Photo courtesy of Sputnik Media 

The Martin Wickramasinghe Collection at the National Library in Colombo contains over 5,000 books. Most of them are worn out and dusty, although well preserved. Some are recent additions. The oldest among the collection date to the early 1910s. Straddling different periods, genres and subjects, they remain a useful guide to the man who owned them, read them and wrote on the topics they covered.

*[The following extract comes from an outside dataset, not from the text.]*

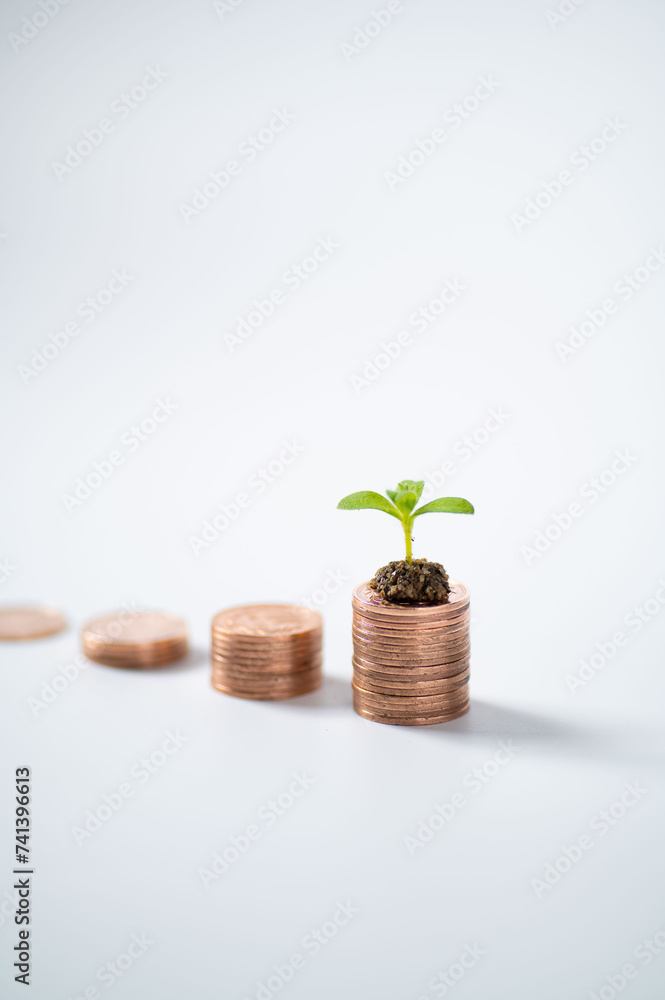 お金 お金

Arguably the most interesting point about them are the annotations. Wickramasinghe was a voracious reader, “omnivorous” as he called himself and he spent much of his income on books. He was indiscriminate yet critical in what he read. This comes out quite well in the annotations. Some of the older books have notes every few pages. The more recent ones hardly have them at all. This shows that Wickramasinghe was learning about these subjects for the first time through these texts and that he was reading as much as he could about them. As he read, he remembered. As he remembered, he annotated.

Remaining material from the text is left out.